28 апреля 1934 г. Ашхабад

Ашхабад, 28/IV 34.

Дорогие Муся и Тотик!

Я вернулся из своих поездок по Туркмении. Больше, может быть, не поеду никуда. Возвращаться думаю 2 или 3 мая. 2-го кончается мой срок. Но здесь в обязательном порядке оставляют пробыть на съезде туркменских писателей, который откроется 8/V, тогда я выеду в Москву 10 или 11/V (поезд идет в Москву 2 раза в неделю). Однако я думаю вырваться и уехать еще до съезда — 2 или 3 мая, тогда приеду 8, 9 или 10 мая в Москву. Как это выйдет — на днях сообщу.

От своих путешествий я сильно утомился. Ездить очень трудно, в особенности по пустыне, хотя я очень терпеливо переношу жару. В юго-восточных Каракумах (на карте ниже Чарджуя по р<еке> Амударье) я первый увидал два ярких глаза в темной песчаной норе. Бывший со мной директор песчаной станции сказал, что это каракурт — редкий черный паук. А узбек-инженер, тоже бывший в нашей группе, убежал от страха: каракурт прыгает и укус его, говорят, смертелен.

Здесь еще сильно утомляешься оттого, что весной Туркмения как теплица под стеклом — трудно дышать от горячего влажного воздуха. Чтобы жить, здесь надо еще долго привыкать.

Сегодня мне привили черную оспу — другим привили ее раньше. Говорят, здесь это обязательно.

Я сильно соскучился по тебе и Тотику.
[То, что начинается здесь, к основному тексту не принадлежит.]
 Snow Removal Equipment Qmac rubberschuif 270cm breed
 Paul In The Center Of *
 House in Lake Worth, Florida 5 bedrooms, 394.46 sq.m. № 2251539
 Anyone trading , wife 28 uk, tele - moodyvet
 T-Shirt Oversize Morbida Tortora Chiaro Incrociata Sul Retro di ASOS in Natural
Вы мне почти не пишете: ты написала только одно письмо, Тотик два. Мне трудно понять, что это значит. Я вам послал в три приема (как только получал деньги) 500 + 400 + 250 = 1150 р<ублей>. А Тотик в письме от 18/IV пишет, что еще и первых 500 р<ублей> не получали и что он там голодает, а я пьянствую. Когда я был 18—19/IV в Репетеке (потом был два дня в Байрам-Али, откуда посылал телеграмму), то мне пришлось почти два дня не есть, а пить я хотел только воду.

15 или 16 я послал в чужой посылке сапоги Тотику. Открыткой я написал, где и когда нужно получить эти сапоги. Получили вы эту открытку?
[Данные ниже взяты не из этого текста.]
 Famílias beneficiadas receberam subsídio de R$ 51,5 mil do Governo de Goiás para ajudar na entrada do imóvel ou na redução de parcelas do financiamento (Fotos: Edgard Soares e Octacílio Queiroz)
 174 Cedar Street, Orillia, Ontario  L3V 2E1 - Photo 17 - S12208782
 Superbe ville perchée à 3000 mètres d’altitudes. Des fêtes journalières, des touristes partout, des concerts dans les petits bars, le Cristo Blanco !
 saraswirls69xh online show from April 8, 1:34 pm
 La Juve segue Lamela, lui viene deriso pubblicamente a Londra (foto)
Рассказывать о Туркмении в письме слишком длинно и может выйти даже непонятно. Например, был случай на днях. Женщина-туркменка, член партии, известный работник, развелась со своим мужем, тоже туркменом, и стала жить одна. Проходит время. Туркменка сходится с другим туркменом и выходит, кажется, за него замуж. Тогда бывший муж приходит к ней, застает ее одну и начисто, в один удар, отрезает бывшей жене голову. «Изменя», жена, даже оформленная по советскому закону в виде развода, здесь не всегда прощается. Вместе с тем нигде, наверно, нет такого уважения к женщине, нигде она так высоко не ценится, как здесь, но взамен от нее требуется абсолютная верность. Здесь нельзя, например, спросить обычную вещь у знакомого туркмена: как здоровье вашей жены? Он ответит: а тебе какое дело? — и станет врагом, а то и пустит в дело силу.

М<ожет> б<ыть>, это мое последнее письмо, если я не останусь здесь дольше. Я тебя ведь спрашивал в одном письме — оставаться ли мне дольше или нет? Ты по обычаю ничего не ответила. Все это чудно, но неприятно.
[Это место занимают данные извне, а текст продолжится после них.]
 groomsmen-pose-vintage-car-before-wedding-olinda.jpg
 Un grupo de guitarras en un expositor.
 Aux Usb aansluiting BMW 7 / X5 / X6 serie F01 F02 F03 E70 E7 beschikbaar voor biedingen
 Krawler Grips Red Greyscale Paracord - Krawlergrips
Попроси Тотика, чтобы он не баловался там, не попадал ни в какие <часть листа утрачена> пусть он слушается тебя и бережет мать, а ты береги его.

Скоро я приеду домой.

Целую вас обоих.

Поздравляю тебя с днем рождения вторично. Целую крепко…

Андрей.

Вот на всякий случай еще раз сообщаю адрес, где нужно получить сапоги Тотика:

Старая Башиловка, д. 8, кв.1, Ел<ена> Як<овлевна> Новицкая (жена Трабского) — остановка у бегов. Телеф<он> Д-1-75-81.

Впервые: Волга, 1975. С. 169 (фрагмент).
Печатается по: Архив. С. 511–513. Публикация Е. Роженцевой.